In 2001 Jo Shapcott gave the first of the Newcastle/Bloodaxe poetry lectures at Newcastle University. Several other poets have since spoken about the craft and practice of poetry to audiences drawn from both the city and the university. These public lectures are later published in book form by Bloodaxe.

Other initiatives to introduce contemporary poetry to new readers have included working with reading groups in Nottingham and in libraries across the West Midlands.

In Birmingham, Jonathan Davidson’s team at Book Communications have produced three touring theatre shows which have taken live poetry performances to venues across Britain. Themes have included Staying Alive; Being Alive; and Changing Lives, which was a theatre piece using poems from books published by Bloodaxe over the previous 30 years.

DVD-books

In 2008, Bloodaxe celebrated its 30th birthday by publishing the world's first poetry DVD-book, In Person: 30 Poets. In Person was filmed by film-maker Pamela Robertson-Pearce and edited by Bloodaxe’s founding editor, Neil Astley, and features six hours of readings on two DVDs by 30 poets with an anthology including all the poems read on the films.
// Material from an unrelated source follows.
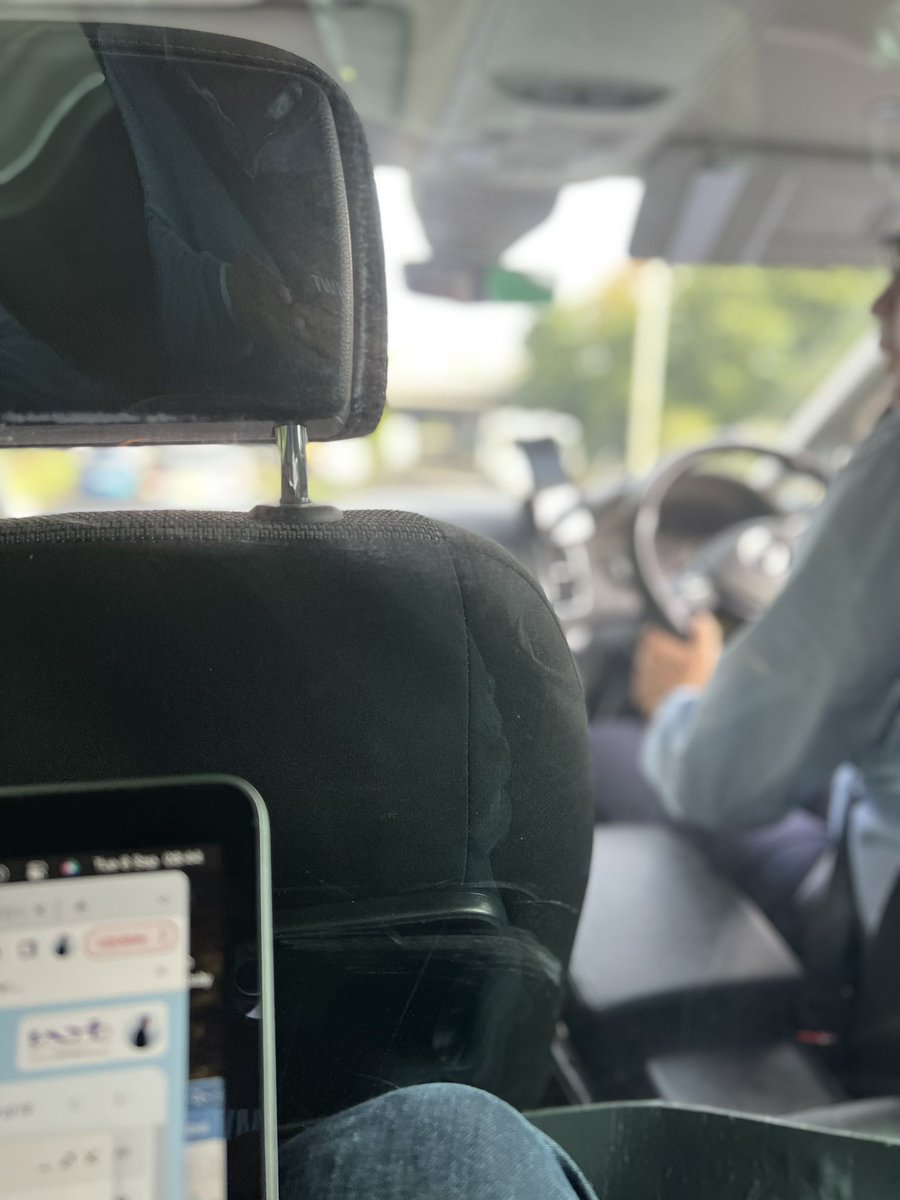 On my way to London for a few hours filming with <a href="/ladbible/">LADbible</a> for a new feature .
Bloodaxe's digital initiative has continued with further DVD-books featuring work by poets John Agard and Samuel Menashe with films by Pamela Robertson-Pearce, as well as books published with audio CDs by Sarah Arvio, Jackie Kay and Galway Kinnell, and a new edition of Briggflatts by Basil Bunting featuring an audio CD of the work read by the author and a DVD with a film portrait of Bunting made by Peter Bell in 1982.